Figure 3: The dataset construction pipeline of EmbodiedEval.
Experimental Results
The evaluation of multiple MLLMs on EmbodiedEval demonstrated significant gaps between model performance and human-level capabilities. While human participants achieved near-perfect scores, the best-performing model, GPT-4o, achieved only a 25.00% success rate and a mere 32.42% GcS score, highlighting the persistent challenges that these models face in embodied scenarios. Models exhibited strong performance variance across task categories, with pronounced difficulties in tasks that require advanced dynamic interactions, including object and social interactions (Figure 4).
Figure 4: Success rate vs. number of steps required for the task.
Error Analysis and Insights
Four primary error categories were identified across MLLMs:
- Hallucination in Grounding: Misidentification or the perception of nonexistent objects.
- Insufficient Exploration: Ineffective environment exploration strategies leading to incomplete information gathering.
- Lack in Spatial Reasoning: Challenges in understanding and applying spatial relationships.
- Wrong Planning: Poor overall execution of task strategies.
These errors underline deficiencies in current models' interactive capabilities, suggesting important avenues for future improvement (Figure 5).
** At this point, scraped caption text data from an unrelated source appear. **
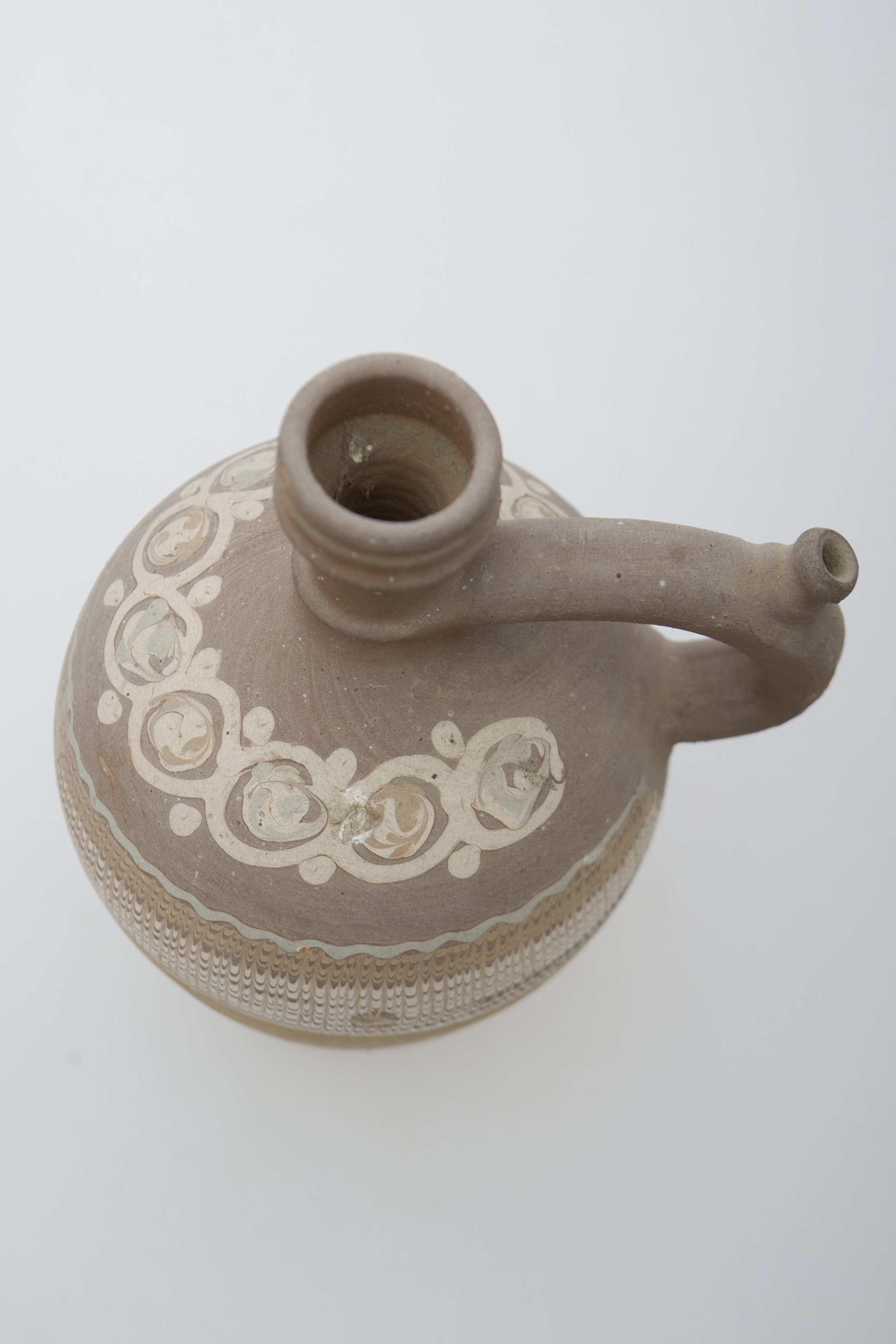 Vas ceramic, nesmălțuit, de formă sferoidală cu gât alungit care se termină cu o gură canelată și dreaptă. Prezintă o toartă arcuită prevăzută cu o țâță ce se prinde de gâtul piesei pe un inel în relief iar celălalt capăt de umărul acesteia. Decorul este dispus în zona mediană, ilustrând o bandă de flori stilizate pictate cu cornul urmate de benzi multicolore, jirăvite cu gaița. Cromatică: fond: cărămiziu; motive: alb; verde deschis; maro deschis; maro închis.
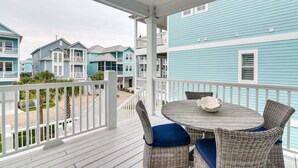 A covered outdoor area with wicker furniture and a round table, overlooking a row of blue buildings. - Walk to Ocean! Group Beach House in Galveston (Galveston)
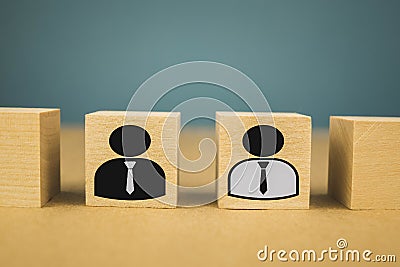 wooden cubes in the form of bosses and subordinates, personnel subordination on a blue background Stock Photo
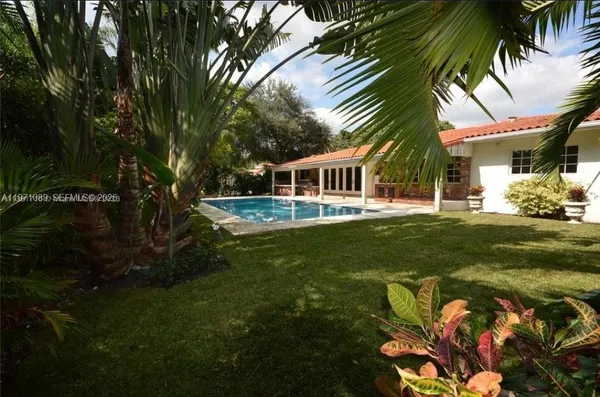 a view of a house with a big yard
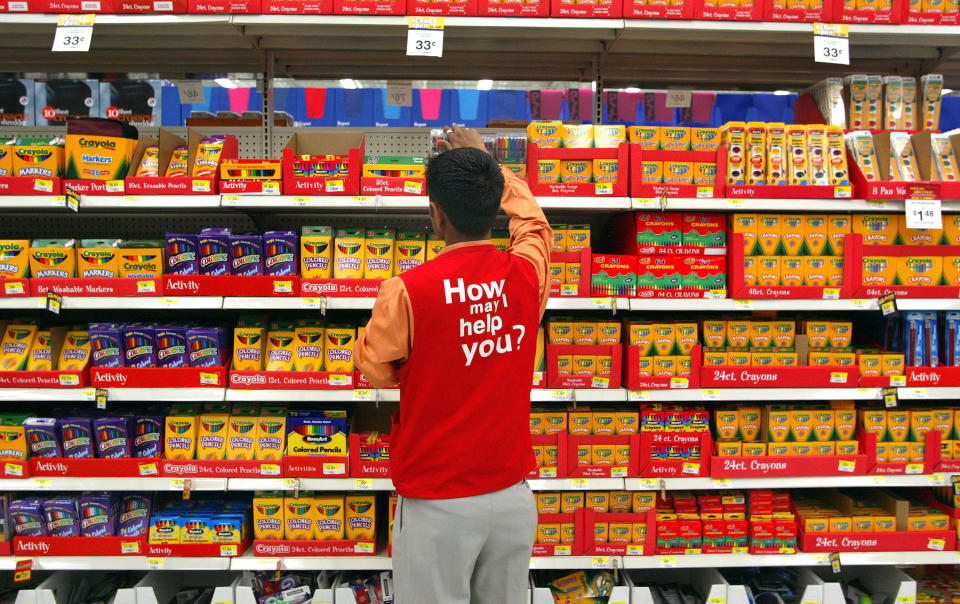 ROLLING MEADOWS, IL - JULY 26:  A sales associate arranges back-to-school items in a Wal-Mart store July 28, 2003 in Rolling Meadows, Illinois. Wal-Mart said that sales in the month of July at its U.S. stores that were open at least one year could top expectations. Warm weather has helped turnaround slower retail sales following the cooler weather of May and June.  (Photo by Tim Boyle/Getty Images)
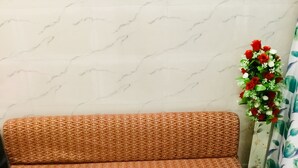 Un canapé orné d’un motif géométrique, dans une pièce dont le sol est recouvert de marbre et où l’on trouve un rideau à motifs floraux.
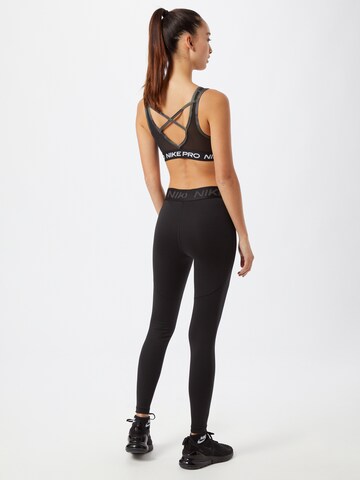 NIKE Skinny Sporthose in Schwarz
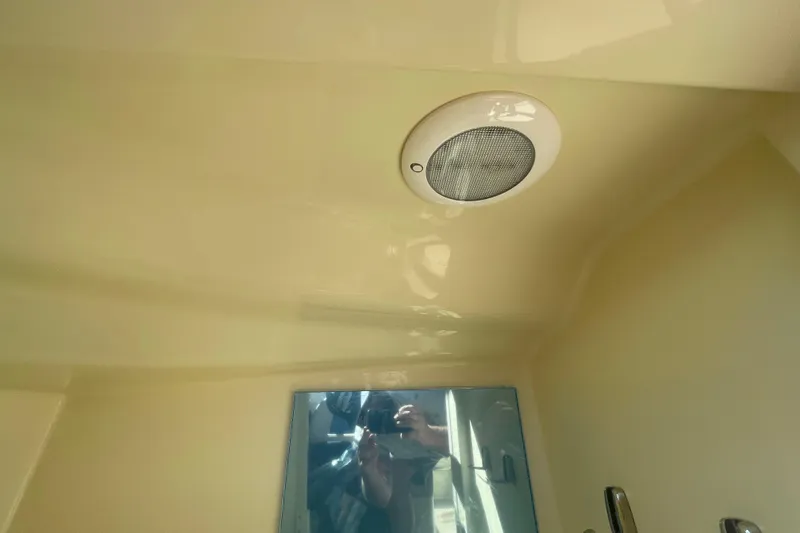 Slide: The Image of 2026 Chris-Craft Sportster 28 interior with blue and beige seating, dockside view. - 45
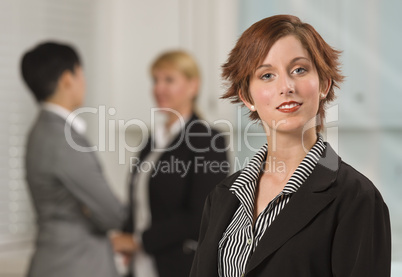 Pretty Red Haired Businesswoman with Colleagues Behind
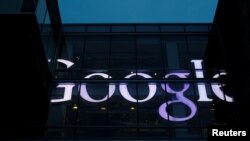 The sign marking the Google offices is lit up in Cambridge, Massachusetts, U.S., June 27, 2017. 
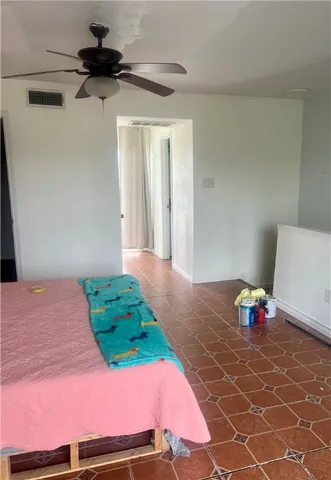 a bedroom with a bed and a walk in closet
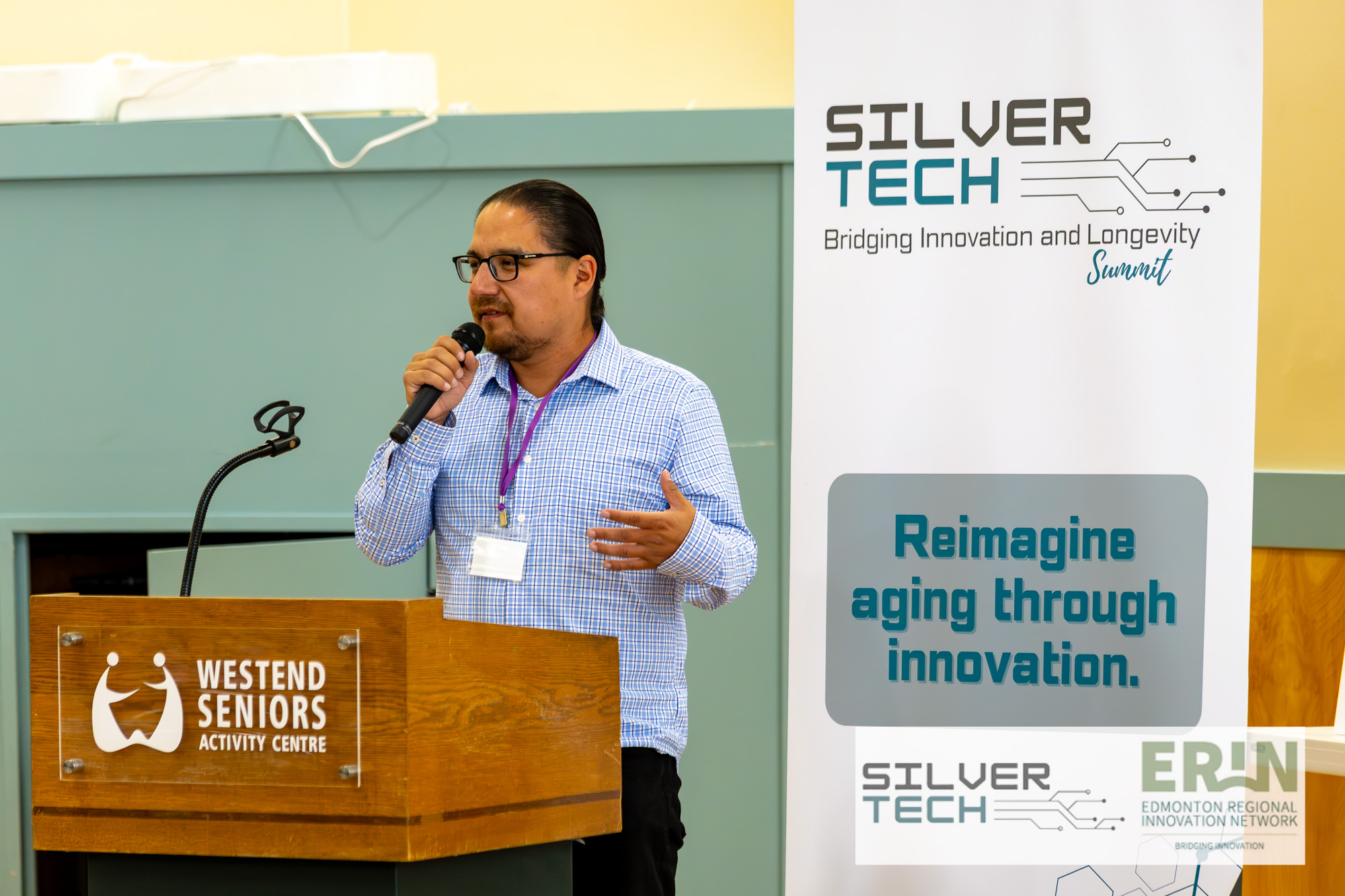 Speaker at the podium addressing the SilverTech Summit 2025 audience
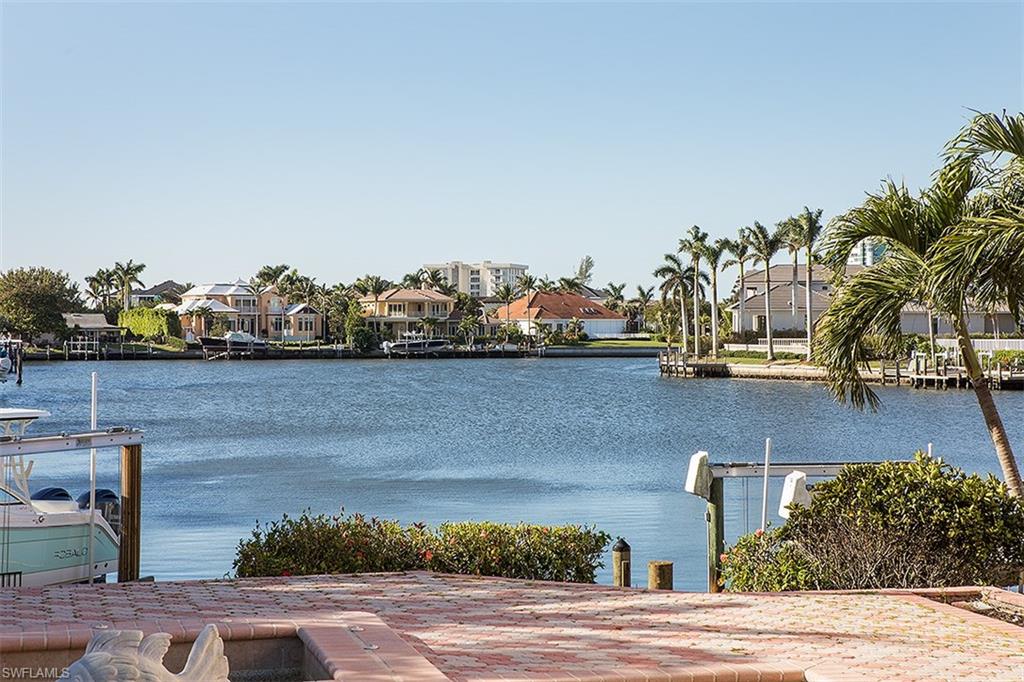 SELLER WILL ENTERTAIN BACKUP OFFERS. Spectacular waterfront offering in the heart of Park Shore, located along prestigious Neapolitan Way and within a short distance to the upscale shopping and dining venues of the Village on Venetian Bay and Waterside Shoppes. Offering long southwestern bay views, a newly constructed seawall and Gulf access, this .36-Acre property provides an exceptional building envelope for those wishing to construct a new premier waterfront estate. The existing 4-bedroom plus den pool home is well maintained and available for immediate occupancy. This property is also eligible for membership into the Park Shore Association, offering private beach access and beach parking to its members.  The improvements and/or structures on the Property are being sold in their "As-Is" condition.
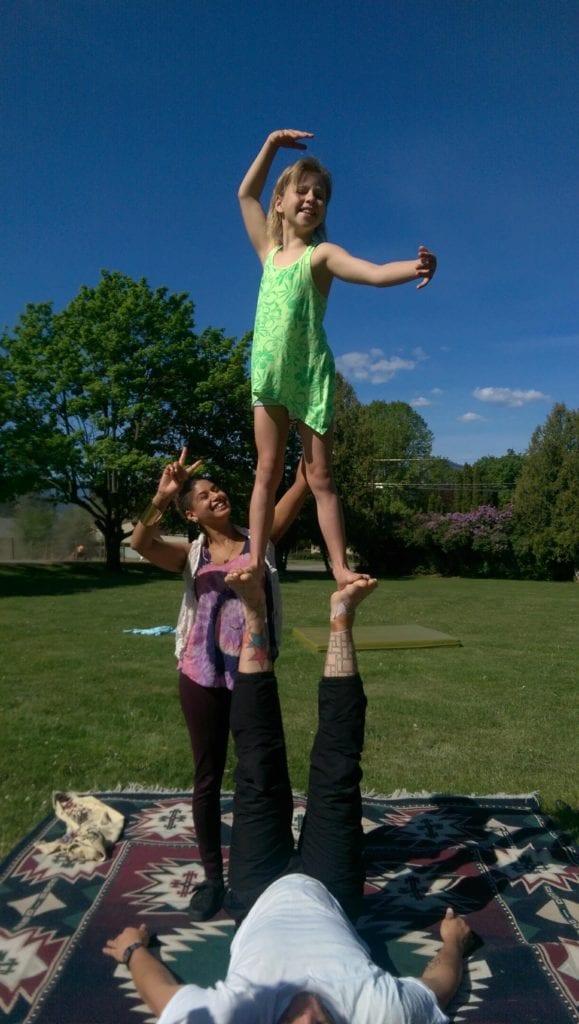 Girl standing on an adult's feet in Naramata, B.C. 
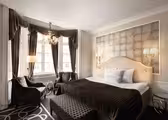 Ett lyxigt hotellrum med en stor säng med mörkrandiga sängkläder och matchande kuddar. Rummet har elegant inredning, två fåtöljer, en mönstrad ottoman, två höga fönster med gardiner, en ljuskrona och vägghängda lampor.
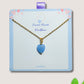 Handmade sweet heart blue chalcedony necklace in gold wire wrapped design on display card featuring natural healing crystal jewelry crafted by Sri Lankan artisans as throat chakra balancing pendant and communication enhancement amulet for women seeking calm and emotional healing with heart-shaped blue gemstone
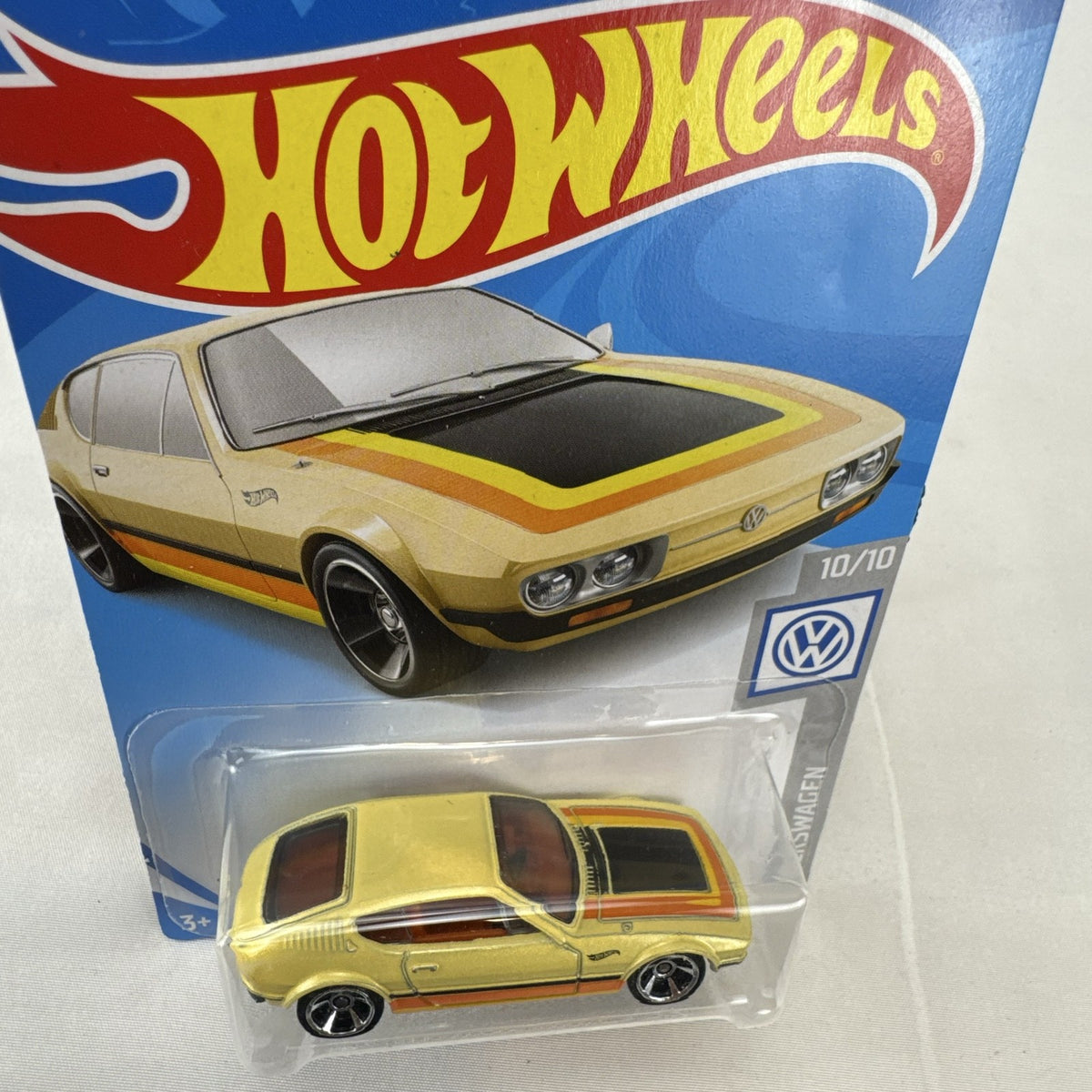 Hot Wheels 1:64 scale Volkswagen SP2 diecast car in metallic gold on original blister packaging.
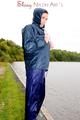 Sexy archive girl wearing a blue rain pant and rain jacket walking on a lake in freetime (Pics)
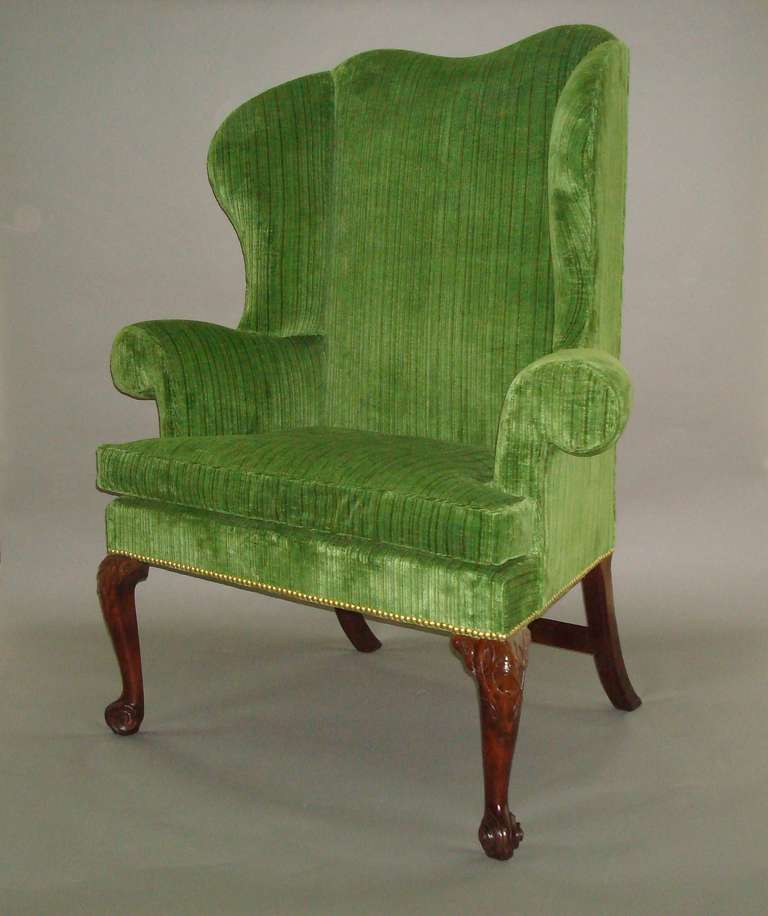 An impressive George II mahogany wing chair or porters chair of fabulous shape and unusual wide and shallow proportions, the padded back with a dipped centre leading to the flared wings above exaggerated scrolled arms, the high shallow seat with a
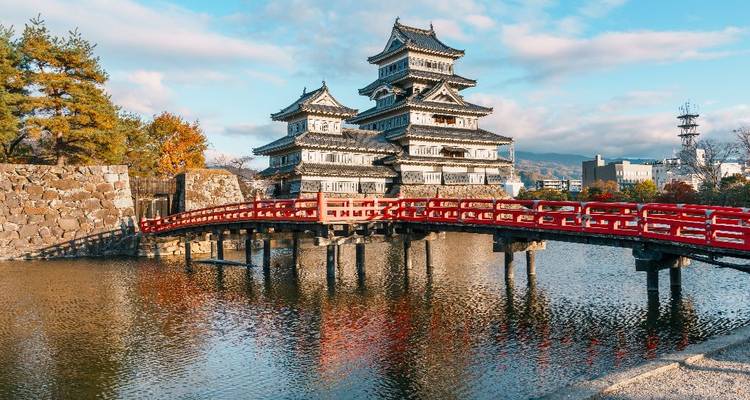 Historisch kasteel Matsumoto met rode brug weerspiegeld in de slotgracht.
Figure 5: Case paper of common error categories. In Hallucination in Grounding, the agent mistakenly identified a single blue sofa as two. In Insufficient Exploration, the agent failed to look for additional items. In Lack in Spatial Reasoning, the agent misestimated the distance between objects. In Wrong Planning, the agent did not organize the picking up and putting down of the vases in the proper order and at the correct positions.
Conclusion
EmbodiedEval provides a crucial tool for advancing the evaluation of MLLMs in interactive, embodied environments. Its comprehensive, diverse benchmark facilitates deeper insight into embodied agent capabilities and highlights existing limitations. The insights drawn from current experiments suggest avenues for advancing model training and architecture to bring embodied capabilities closer to human performance levels. Future research will benefit from EmbodiedEval as it continues to push the boundaries of what is possible in dynamic AI applications.